Milo Anthony Ventimiglia (, ; born July 8, 1977) is an American actor. Making his screen acting debut on The Fresh Prince of Bel-Air in 1995, he portrayed the lead role on the short-lived series Opposite Sex in 2000 before landing his breakthrough role the following year as Jess Mariano on Gilmore Girls (2001–2007).

Thereafter, he appeared as Chris Pierce on American Dreams (2004–2005) and Richard Thorne on The Bedford Diaries (2006) before starring as Peter Petrelli on Heroes (2006–2010), for which he received nominations for Teen Choice, Saturn and People's Choice Awards.

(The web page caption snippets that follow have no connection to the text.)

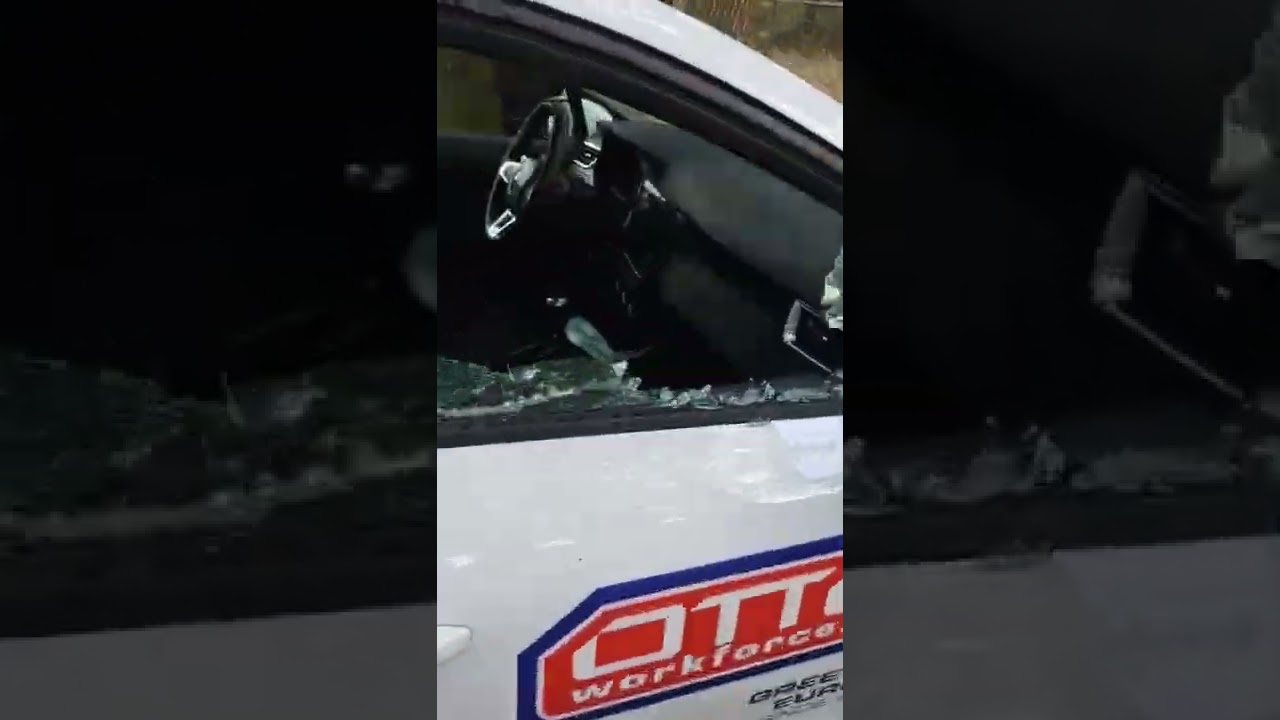 Otto Holandia w potrzasku ,wybite szyby w około 20 autach tylko Otto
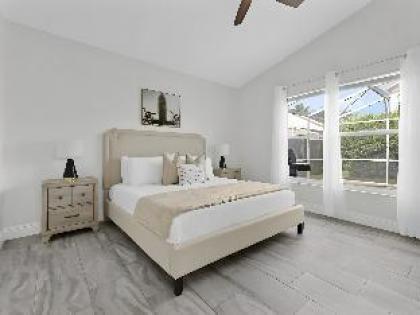 Baha Modern 4BD Pool Home Near Disney  World - image 2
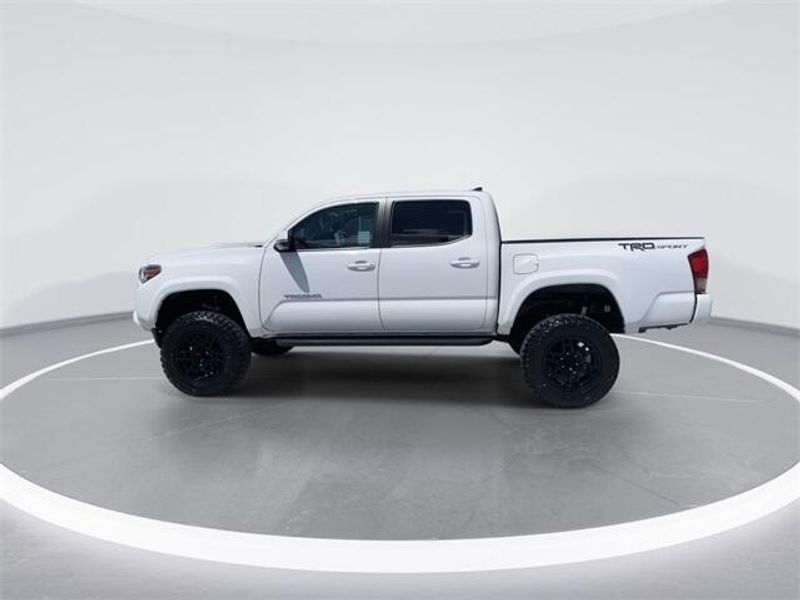 2017 Toyota Tacoma SR5Image 5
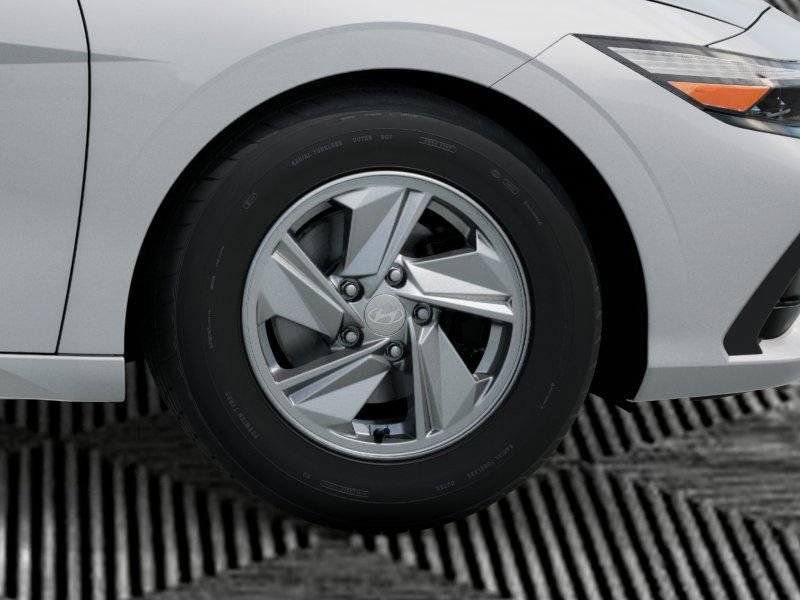 New 2026 White Hyundai SE image 8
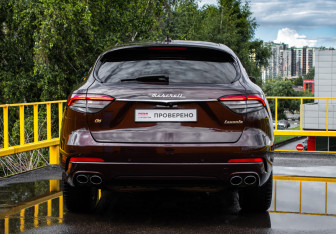 Подержанный автомобиль Maserati Levante 2017 года (5 фото)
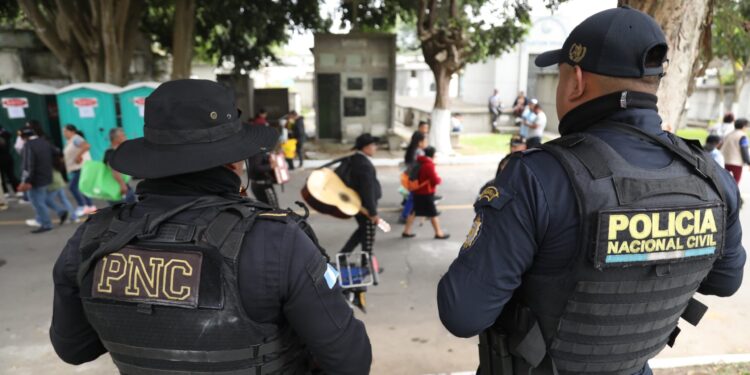 Despliegue policial garantiza seguridad este Día de Todos los Santos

After appearing in main roles on the series Mob City (2013), Chosen (2013), and The Whispers (2015), Ventimiglia began starring as Jack Pearson on This Is Us (2016–2022), for which he has received three nominations for the Primetime Emmy Award for Outstanding Lead Actor in a Drama Series and twice received the Screen Actors Guild Award for Outstanding Performance by an Ensemble in a Drama Series as a cast member.

In film, Ventimiglia made his breakthrough as Rocky Balboa's son in the sixth installment of the Rocky film series, Rocky Balboa (2006), going on to reprise the role in the eighth installment Creed II (2018). He has also appeared in Pathology (2008), That's My Boy (2012), Kiss of the Damned (2013), Grace of Monaco (2014), Devil's Gate (2017), and The Art of Racing in the Rain (2019).

Early life
Ventimiglia was born on July 8, 1977 in Anaheim, California, the youngest child of Carol and Peter Ventimiglia, a Vietnam War veteran. He has two sisters. His father is of Italian-Sicilian descent and his mother is of English and Scottish ancestry. Ventimiglia has a self-described "crooked mouth," having been born with damaged facial nerves causing the left side of his mouth to remain immobile – much like actor Sylvester Stallone, with whom he worked in Rocky Balboa.

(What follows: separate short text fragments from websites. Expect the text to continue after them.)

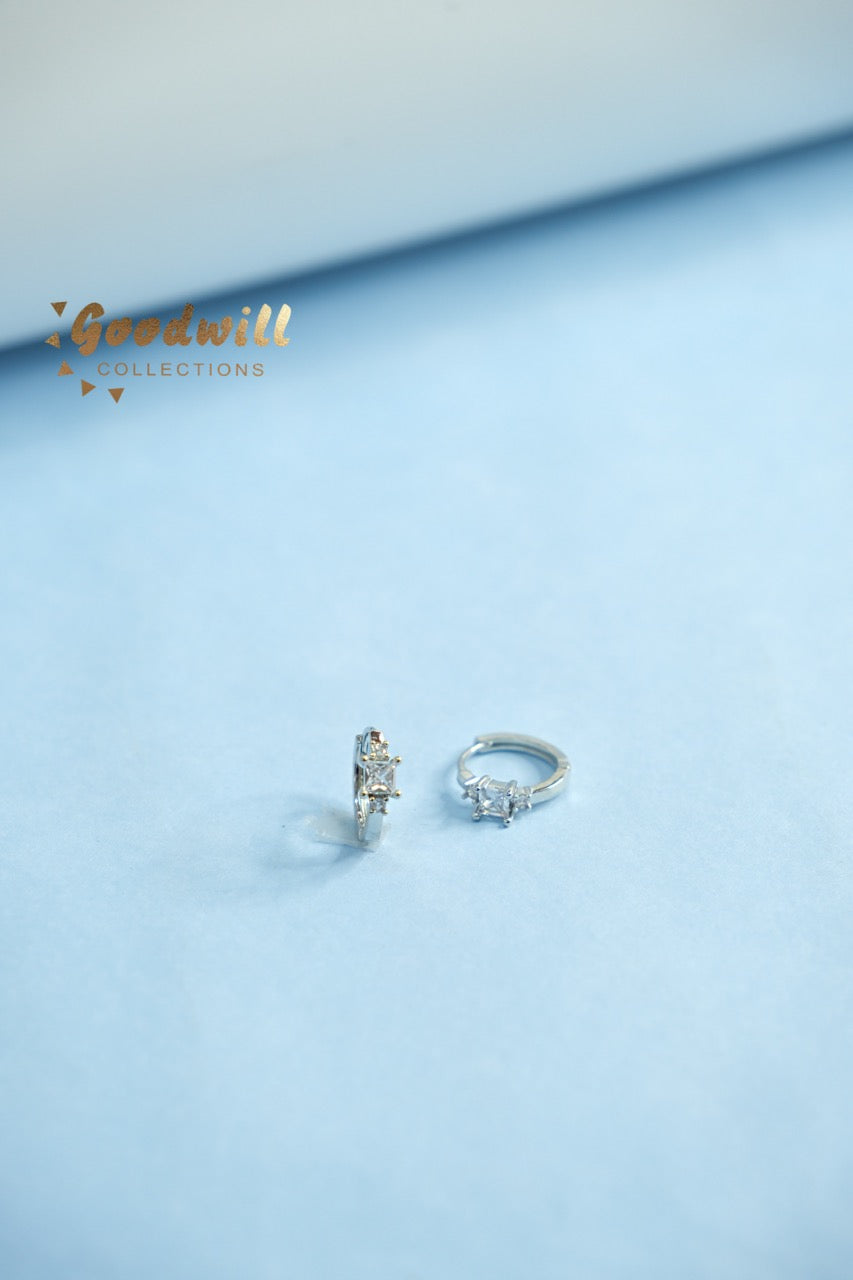 SILVER SINGLE STONE TINY HOOPS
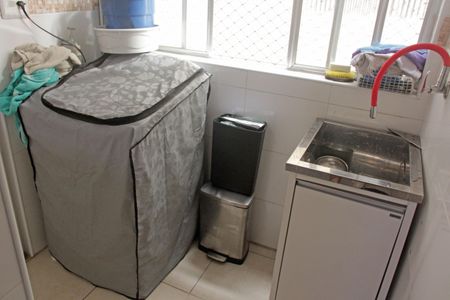 Apartamento para alugar com 90m², 2 quartos e 1 vagaÁrea de Serviço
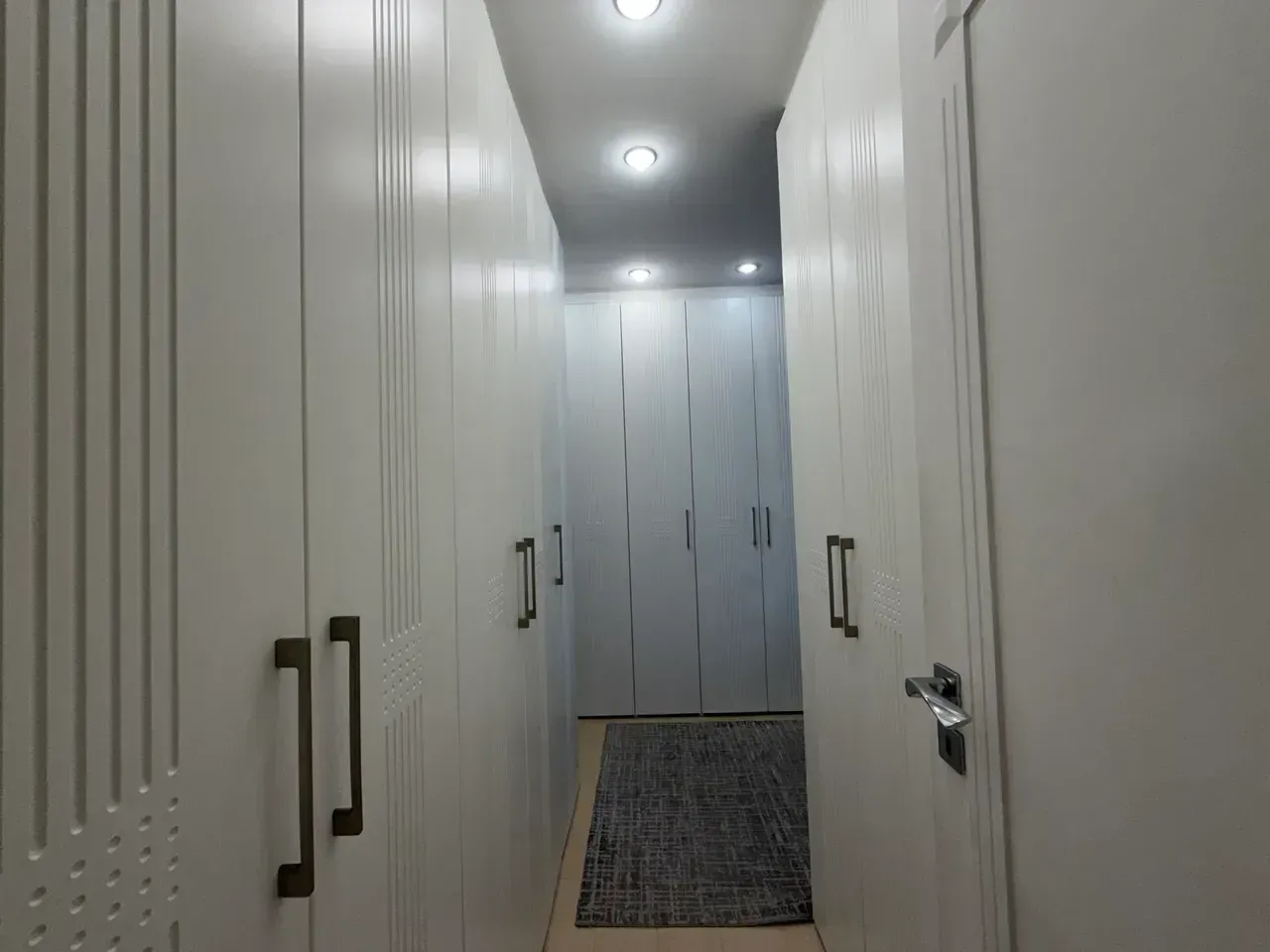 Furnished apartment, 160 m², with a jacuzzi — photo 19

Ventimiglia attended El Modena High School in Orange, California. During high school, Ventimiglia wrestled, acted in drama productions and served as student government president, graduating in 1995. At eighteen, Ventimiglia studied at the American Conservatory Theater for their summer program, subsequently attending the University of California, Los Angeles as a theatre major.

Career

Early roles and breakthrough
At eighteen, Ventimiglia pursued an acting career, first starring as a gay teenager in Must Be the Music, a short film released as part of Strand Releasing's Boys Life 2. He enrolled at UCLA before landing a role on The Fresh Prince of Bel-Air, guest starring on television series including CSI: Crime Scene Investigation, Sabrina, the Teenage Witch, Law & Order: Special Victims Unit and Boston Public. He played Jed Perry, in the short-lived Fox TV series, Opposite Sex, which originally aired in 2000.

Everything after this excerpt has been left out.